Burger King drive thru.
A closed Burger King drive thru.

A drive thru is a facility which originated in America, where people are able to use some of the facilities without leaving their vehicles. For the customer, it speeds up the purchasing time, while for the operator a drive thru can reduce costs by getting customers to pay their money and leave (meaning less seating needs to provided and the operator wouldn't have to pay VAT on the transaction pre pasty tax). In addition, a drive thru can provide resilience by providing some service even if the rest of the building has to close for some reason.

On major roads in the UK, McDonald's incorporated a drive thru as part of their standard, prefabricated, building design which became common in the 1990s. This included two sites which later became adopted as motorway services: Lymm and Leeming Bar.

The history of motorway services meant there wasn't much room for McDonald's to move in: the land had previously been leased in one go to an operator, who provided their own facilities.
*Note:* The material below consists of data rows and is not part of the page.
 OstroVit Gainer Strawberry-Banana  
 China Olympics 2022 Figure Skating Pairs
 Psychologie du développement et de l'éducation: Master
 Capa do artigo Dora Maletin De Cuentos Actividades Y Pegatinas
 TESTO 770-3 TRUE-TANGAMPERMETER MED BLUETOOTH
These operators were starting to experiment with their own drive thrus, as part of agreements with Wimpy and Burger King. Some of these were retro-fitted to existing buildings, while others were in new, supplementary buildings.
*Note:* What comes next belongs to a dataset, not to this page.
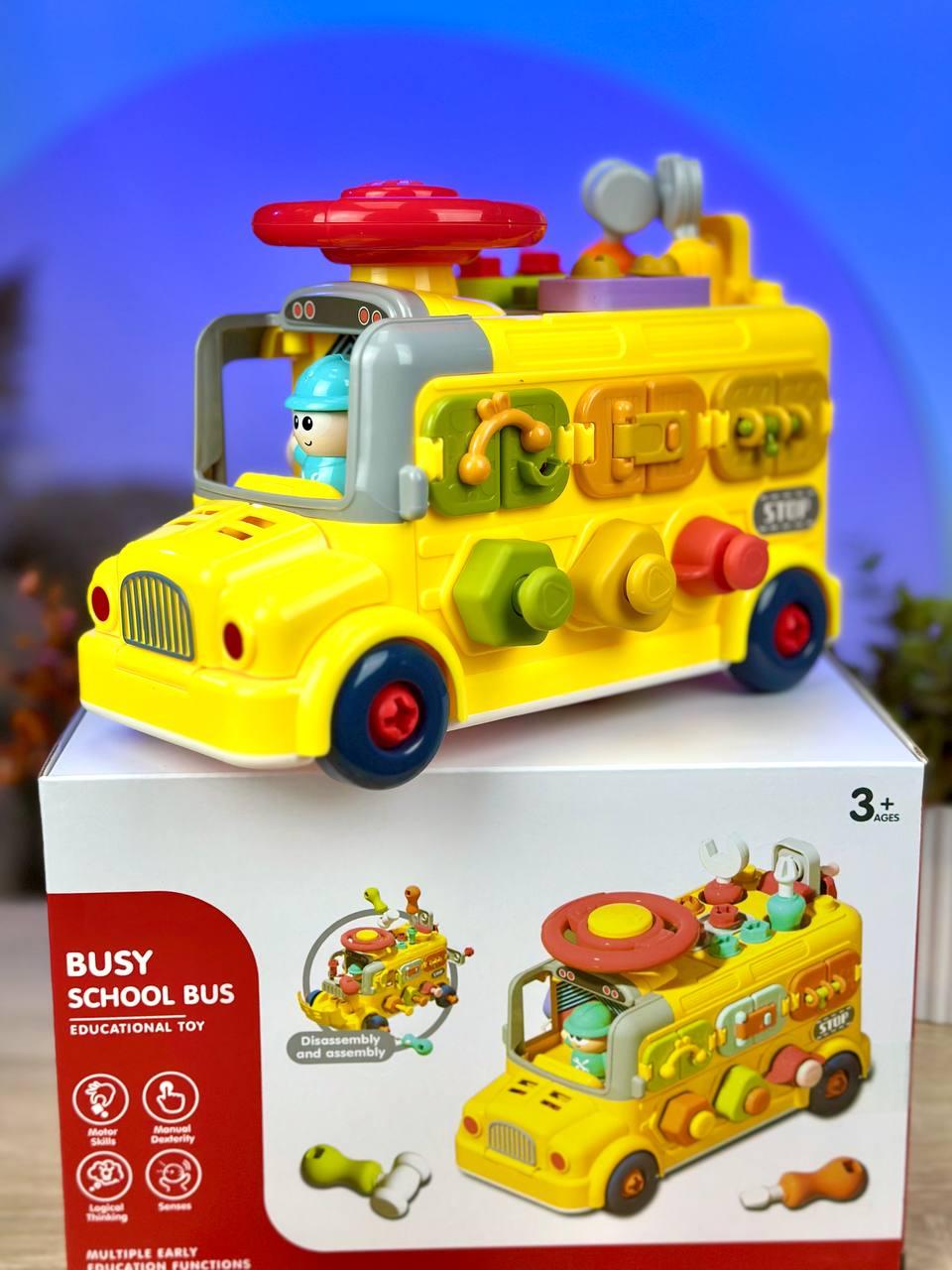 Логічна машинка-конструктор 517, фото 1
The motorway drive thrus didn't catch on. It's possible that operators were uneasy that they wanted customers to be getting out their cars to visit the shops which they operated, or that customers weren't interested because they had to get out to use the toilets anyway. Either way, most of these closed.

In 2008, two new A-road services opened with built-in KFC drive thrus.

The Return Of The Drive Thru

In 2012, Welcome Break brought the motorway drive thru back to the forefront by turning some old buildings into Starbucks drive thrus. These worked, and Welcome Break started developing stand-alone Starbucks coffee houses with a small amount of seating and a drive thru, meaning motorway services were starting to look like their A-road counterparts with a cluster of different buildings rather than one big one. In response, Moto, Roadchef and Applegreen have started developing Costa drive thrus, usually without any seating, while Euro Garages have stuck to Starbucks.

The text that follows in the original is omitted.